Teheran usa il pugno duro contro i manifestanti delle proteste: le cifre ufficiali parlando di 11 condanne a morte.
Ma per le ong umanitarie sono più del doppio le persone destinate a salire sul patibolo. Ci sono anche dei minorenni tra loro.
Sono almeno undici i manifestanti condannati a morte in Iran per le proteste che da settembre agitano la Repubblica Islamica. Che fanno dodici con Mohsen Shekari, il 23enne già giustiziato ieri per impiccagione. La sua è stata la prima condanna a morte di un manifestante delle proteste anti-velo.
Ma altri presto potrebbero seguire la sua sorte. I magistrati iraniani non hanno reso noti i loro nomi, soltanto il numero dei condannati alla pena capitale: undici appunto. Ma per Amnesty International sono più del doppio quelli che rischiano il patibolo: l’associazione umanitaria parla di almeno 28 persone. Ma i loro nomi, spiega l’ong Iran Rights Watch (con sede in Norvegia), vengono tenuti «volutamente nascosti dalle autorità della Repubblica Islamica». La ragione del segreto sui nomi è «ridurre i loro contatti con le famiglie, e impedire un equo accesso alla difesa». Shekari, impiccato ieri, è stato solo il primo.

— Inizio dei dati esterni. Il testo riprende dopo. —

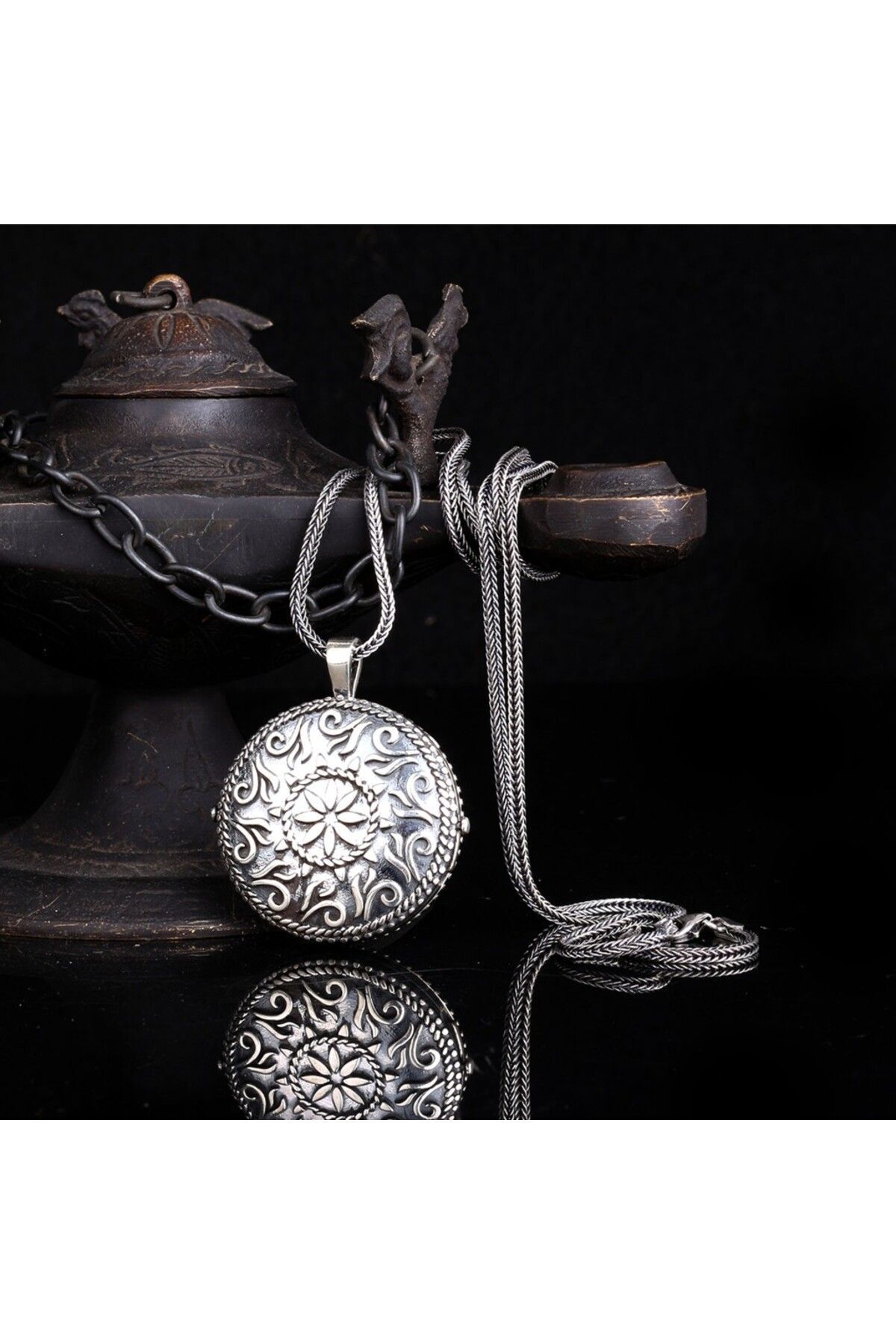 MODA925 925 Ayar Gümüş Cevşen Muska Kabı Kolye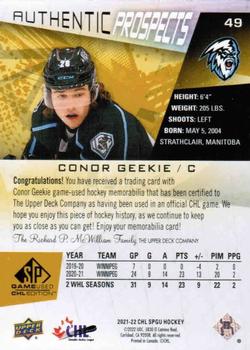 2021-22 SP Game Used CHL - Memorabilia Gold #49 Conor Geekie Back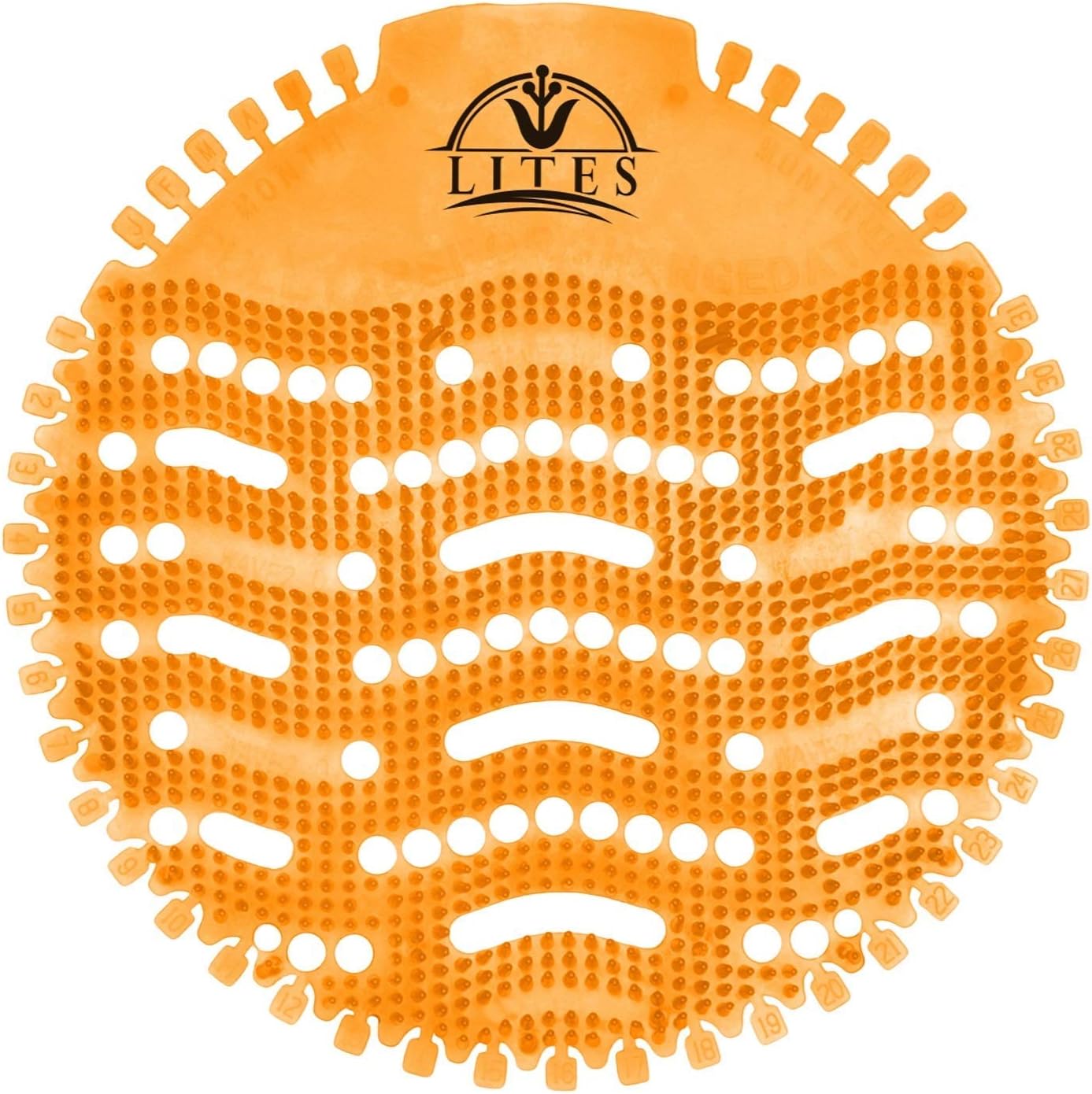 (30 Pack) Urinal Screens Deodorizer (Orange) Scent, Urinal Cake, Anti-Splash & Odor Freshener, Scent Lasts for Up to 5000 Flushes –Ideal for Bathrooms, Restrooms, Office, Restaurants, Schools… Pack of 2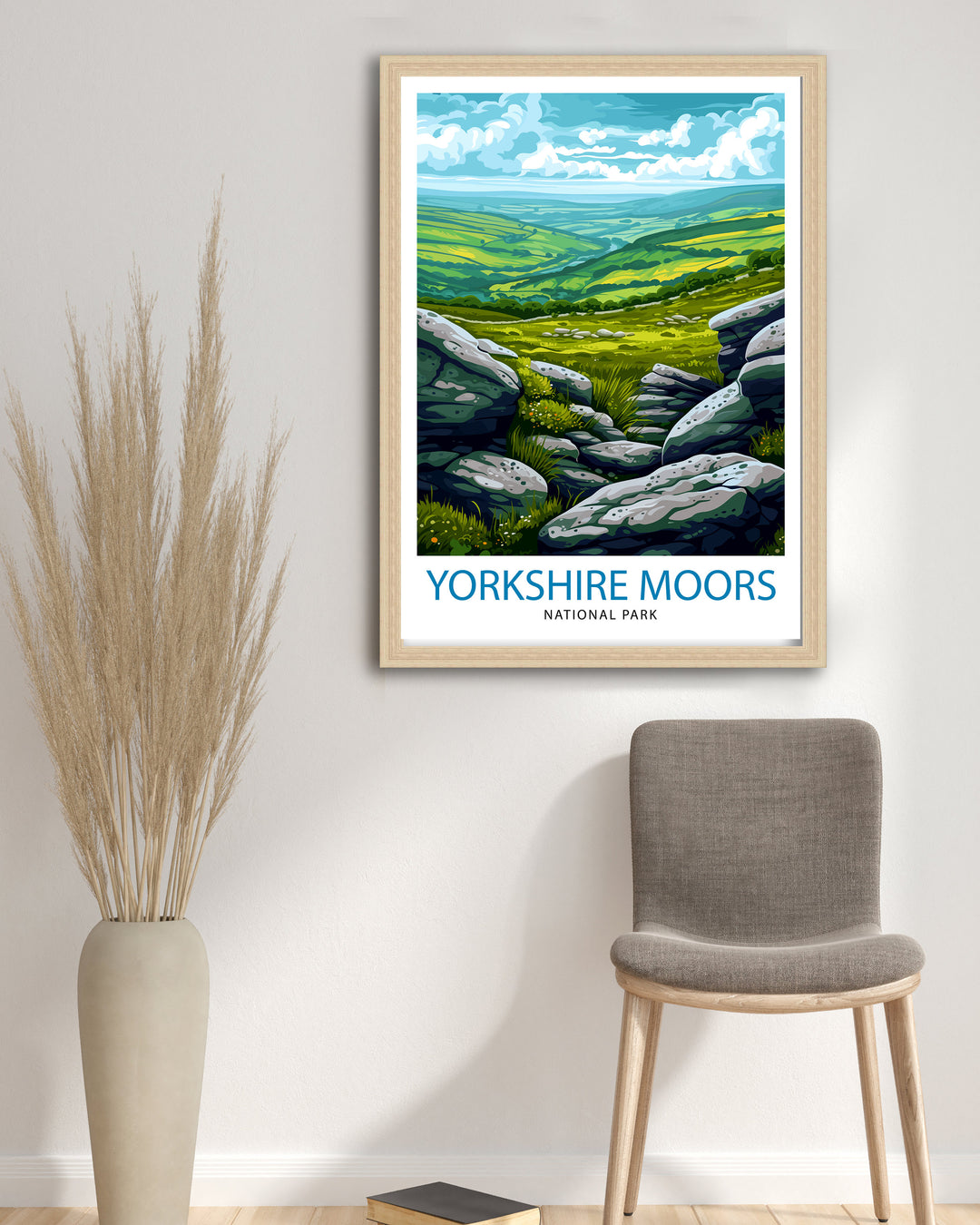 Yorkshire Moors Print English Countryside Art Heather Fields Poster British Moorland Wall Decor Wild Landscape Illustration Rural England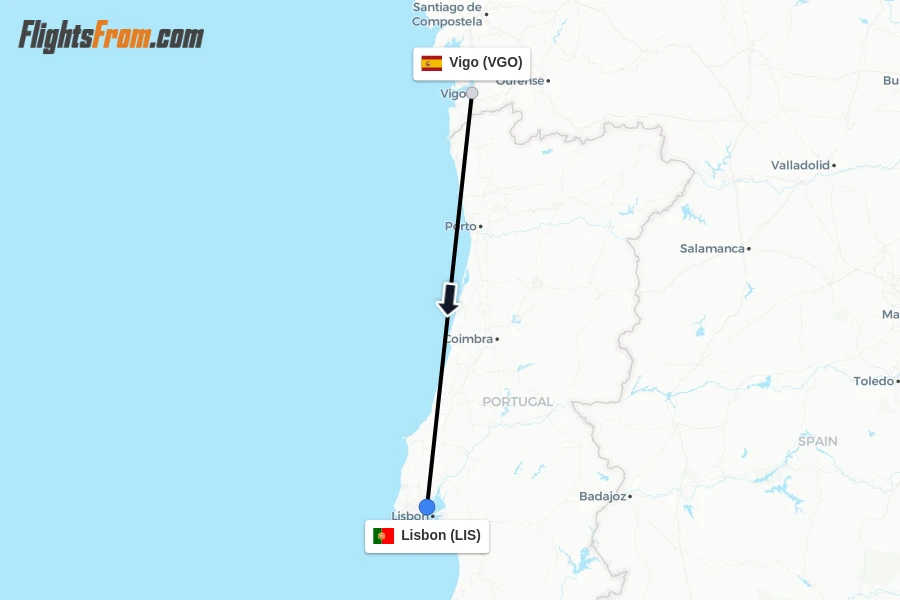 Flights from Vigo to Lisbon route map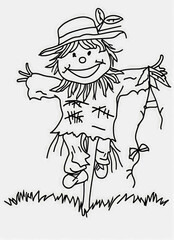 Fototapeta premium Scarecrow line drawing for coloring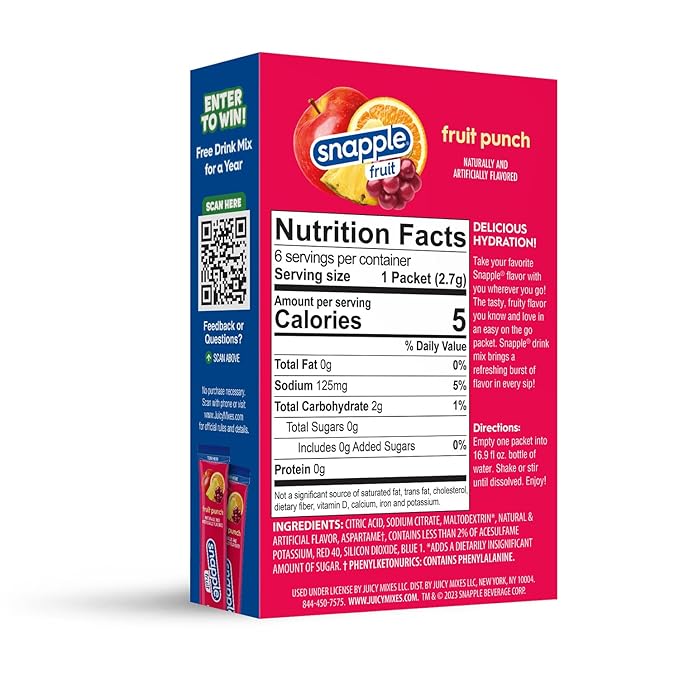 Snapple Fruit Punch Powder Drink Mix - 12 Boxes of 6 Powder Sticks, 72 Sticks total | Zero Sugar | On-the-Go Hydration for Refreshing Beverages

Condannati a morte anche tre minorenni
Secondo le due principali ong che monitorano la situazione dei diritti umani in Iran – Hrana e Iran Rights Watch – le condanne alla pena capitale sarebbero arrivate in due distinti processi, celebrati il 30 novembre e il 5 dicembre. Tra i condannati, tre sarebbero minorenni. Si tratta di due 17enni arrestati a Karaj. Sono accusati di aver ucciso, durante una rissa, il basij (così si chiama la milizia paramilitare) Ruhollah Ajamian. Il suo nome figura nell’elenco dei “martiri” morti in servizio comunicati dalla magistratura iraniana.
I ragazzini sono finiti agli arresti il 14 novembre, due giorni dopo la morte di Ajamian. La sentenza che li condanna a morte – illecita a norma di diritto internazionale e secondo la Convenzione sui diritti dell’infanzia, sottoscritta anche dall’Iran – è arrivata in meno di un mese.
Si sanno con certezza, oltre ai tre diciassettenni, soltanto due nomi dei sei condannati il 30 novembre: quelli di Mohammad Ghobadlu e di Sahand Nour Mohammadzadeh. Il primo avrebbe investito una macchina della polizia uccidendo un agente, mentre il secondo avrebbe incendiato un edificio pubblico.
Le condanne del 5 dicembre
Inoltre lo scorso 5 dicembre il tribunale rivoluzionario della provincia di Alborz ha inflitto delle condanne a morte a altre cinque persone. Si tratta di 5 dei 16 imputati per la morte di un poliziotto, ucciso il 3 novembre sulla strada tra Karaj e Qazvin, a nordovest di Teheran. Stavano manifestando in un corteo per l’uccisione di un loro concittadino, Hadis Najafi, quando sono stati aggrediti dalle forze di sicurezza. Iran Rights Watch denuncia e parla di «confessioni estorte» per loro.
Rimandata invece l’esecuzione di Majidreza Rahnavard, un altro manifestante arrestato a Mashad. I magistrati lo accusano di aver accoltellato a morte due guardie, condannandolo a essere giustiziato per moharebeh (inimicizia contro Dio). Doveva andare sul patibolo a novembre, ma l’esecuzione è stata rimandata.
È arrivata la smentita invece per la condanna a morte di Fahimeh Karimi, allenatrice di pallavolo e madre di tre figli, per la quale da giorni è in coso una mobilitazione anche internazionale. Era stata la compagna di cella di Alessia Piperno, la travel blogger italiana arrestata a settembre e imprigionata nel carcere di Evin (Teheran), prima di essere liberata il 10 novembre.